WHAT YOU SHOULD DO:
Exact copy, pictures excluded: set down only the lines from the one with "каннабис Белоозёрский" through the end of the entries, keeping both end lines.

Records contained in a dataset
########################################
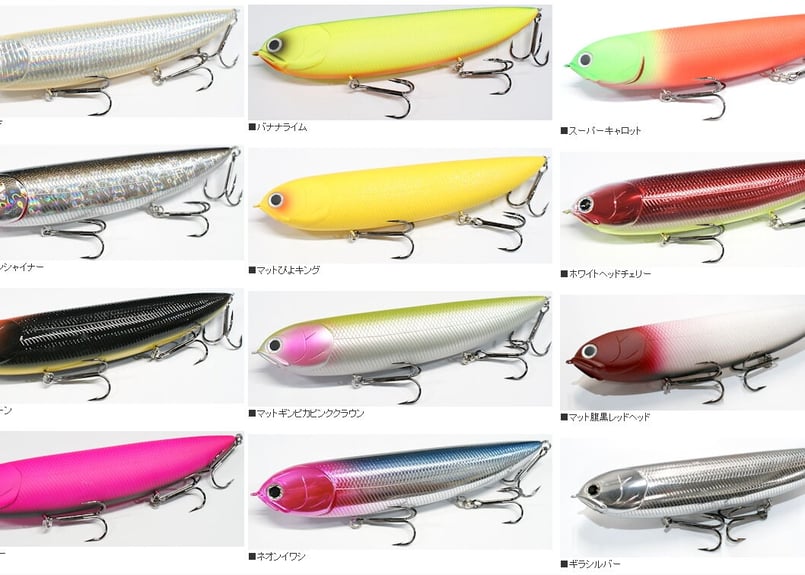 未使用　WANIMAグッズ　 ルアー ラッキークラフト Sammy100 激レア 未使用 WANIMAグッズ ルアー ラッキークラフト Sammy100 激レア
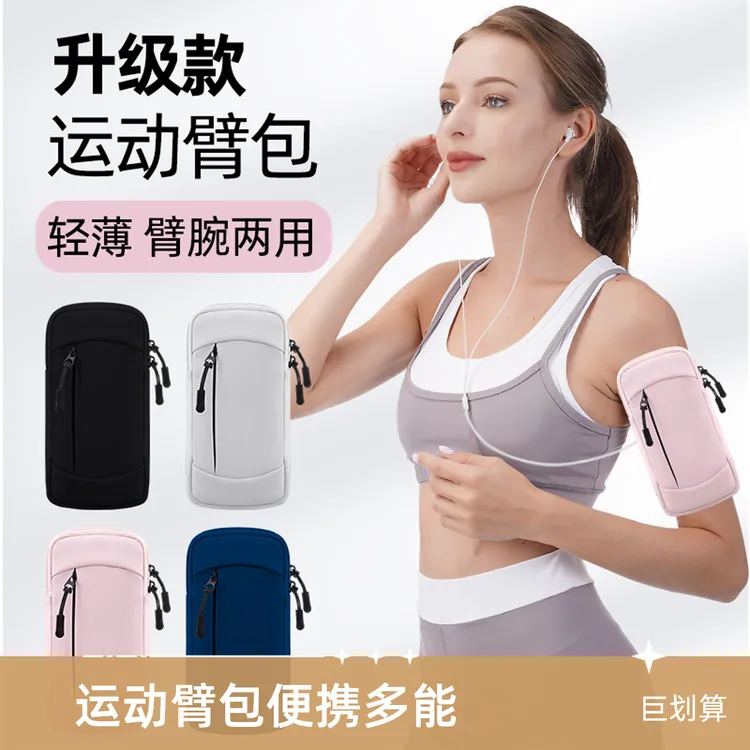 跑步包臂手机臂包户外便携健身袋手臂包手腕包多功能挎包运动臂包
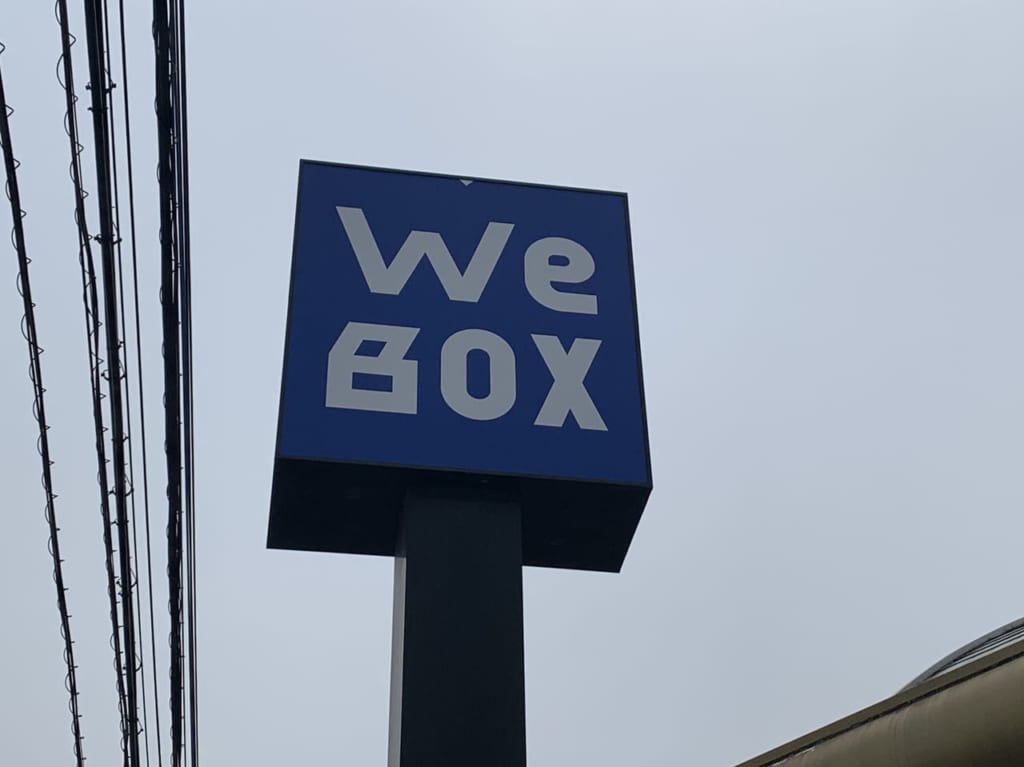 WeBOX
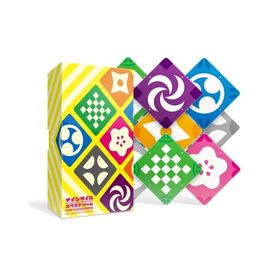 オインクゲームズ ナインタイル エクストリーム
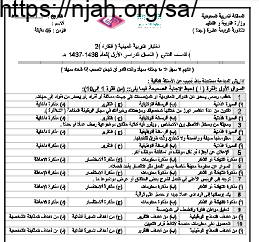 اختبار الفترة الثانية تربية مهنية ثانوي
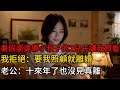 暑假婆婆帶小叔子的2兒子讓我照看,我拒絕:要我照顧就離婚,老公:十來年了也沒見真離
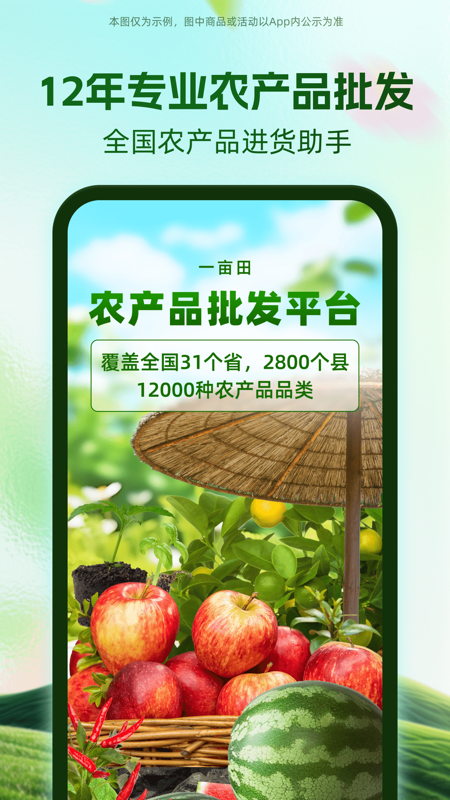 一亩田官方正版截图4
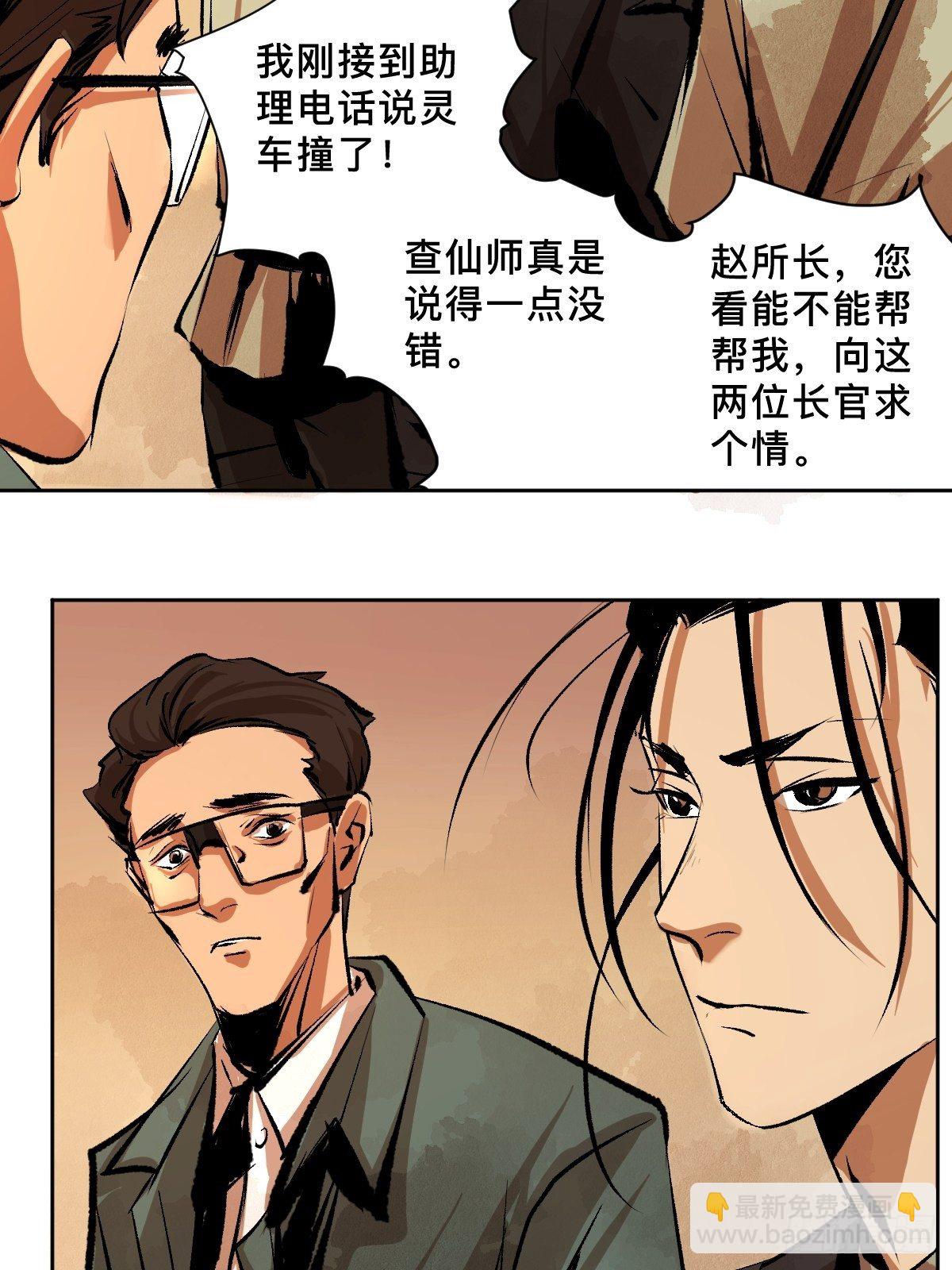 最後一個道士 - 第二十話  靈車下 - 4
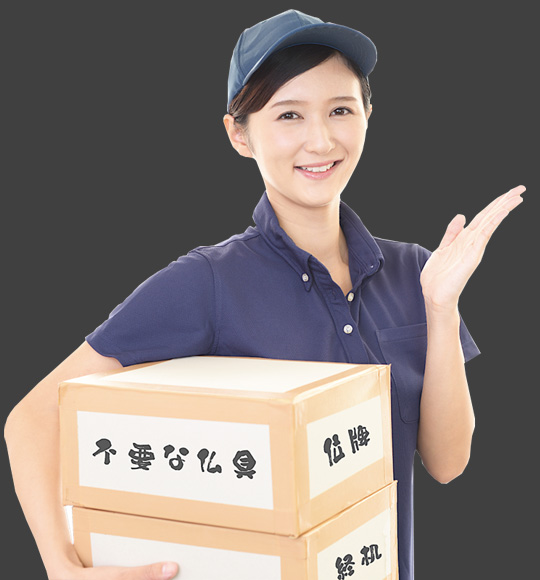 仏壇供養処分｜不要になった古いお仏壇引取ります - 仏壇・位牌通販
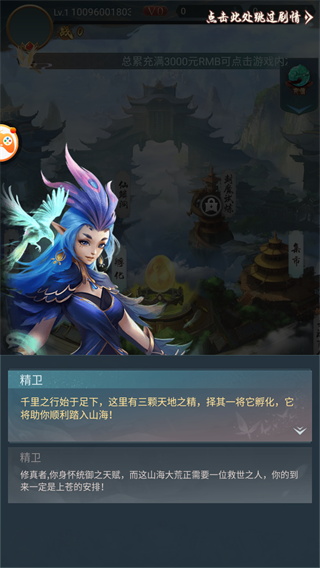 山海经异兽录破解版无限仙玉截图3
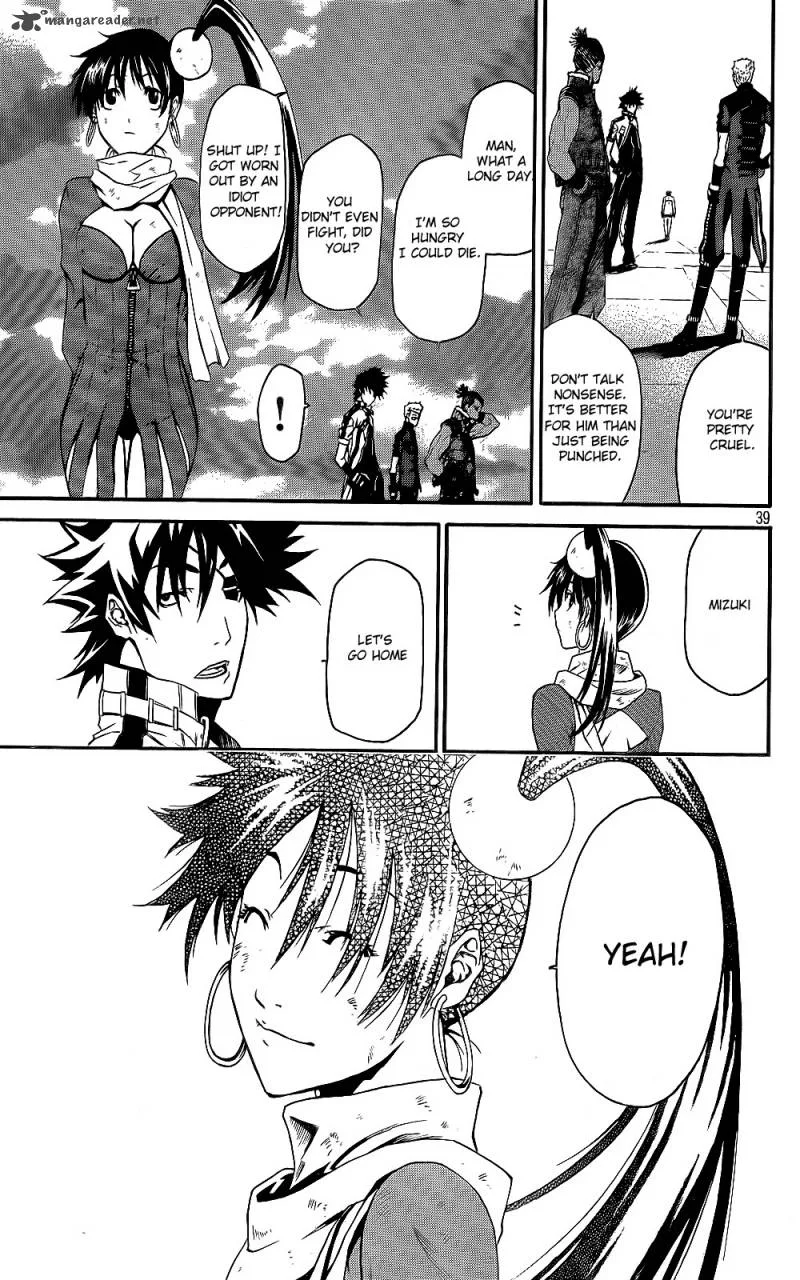 God Eater - Kyuuseishu no Kikan Chapter 3 page 40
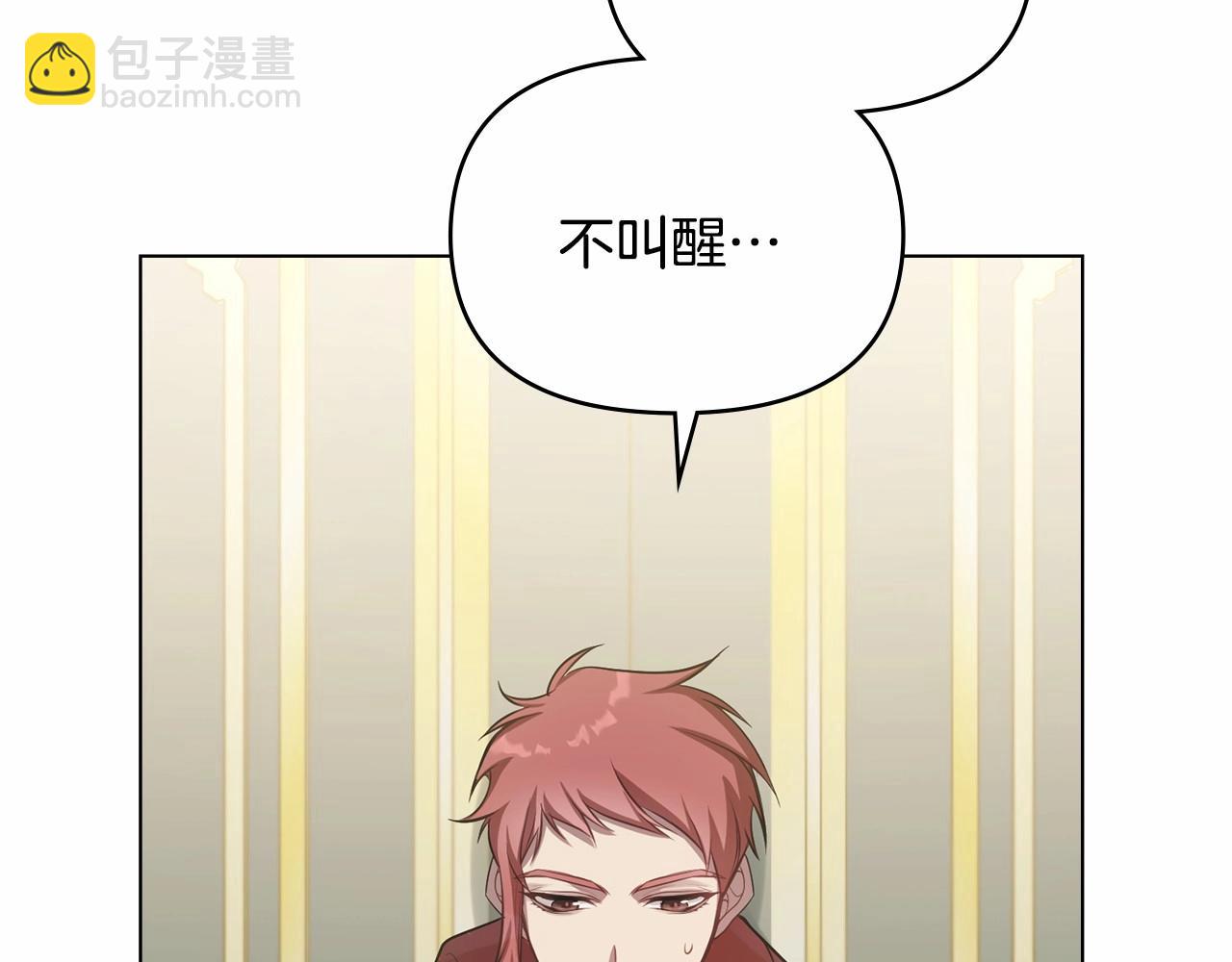 第10话 天大的误会(1/3)-第11话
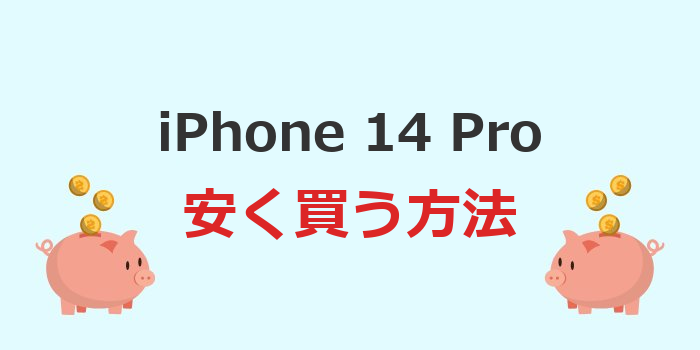 iphone14pro 安く買う方法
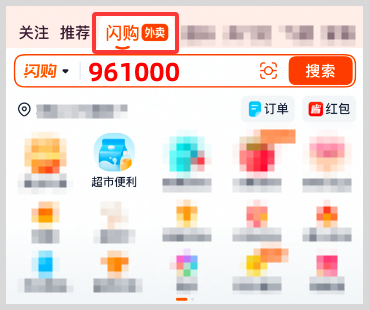 2026年淘宝天猫38焕新周最高8888元超级红包领取口令及红包领取活动时间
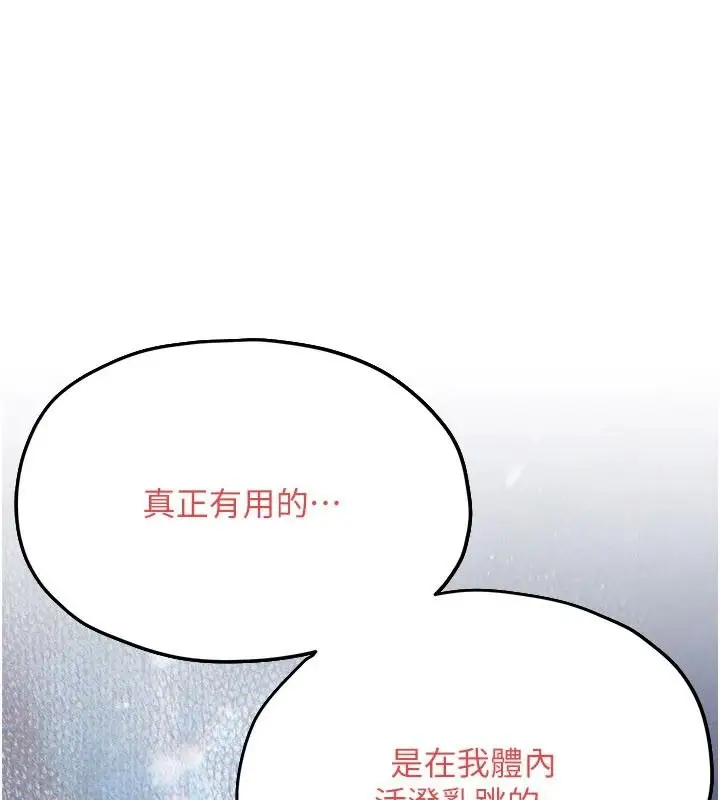 漫画《欲海交锋》第104话第1张图
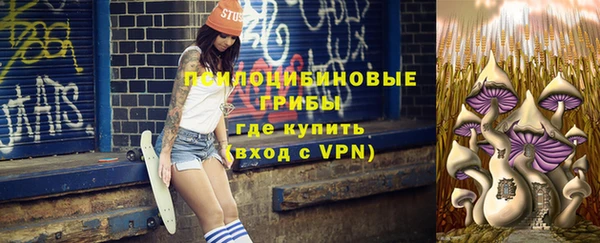 каннабис Белоозёрский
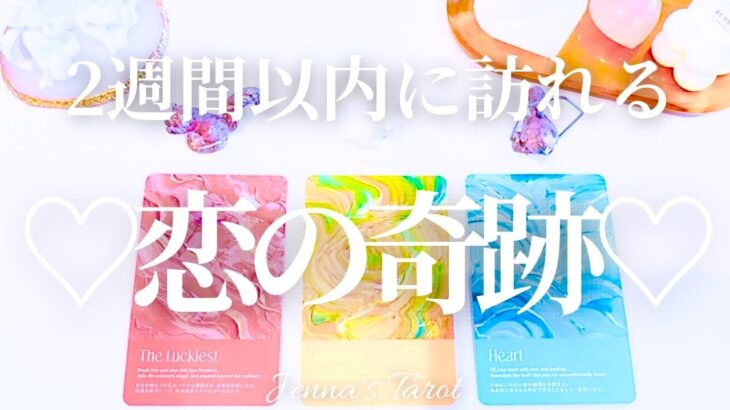 鳥肌級😳⚡️【恋愛💘】2週間以内に訪れる恋の奇跡【タロット🔮オラクルカード】片思い・復縁・音信不通・疎遠・複雑恋愛・曖昧な関係・出会い・あの人の気持ち・未来・恋の行方・引き寄せ・アファメーション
########################################
RESULT BELOW:
 каннабис Белоозёрский
 鳥肌級😳⚡️【恋愛💘】2週間以内に訪れる恋の奇跡【タロット🔮オラクルカード】片思い・復縁・音信不通・疎遠・複雑恋愛・曖昧な関係・出会い・あの人の気持ち・未来・恋の行方・引き寄せ・アファメーション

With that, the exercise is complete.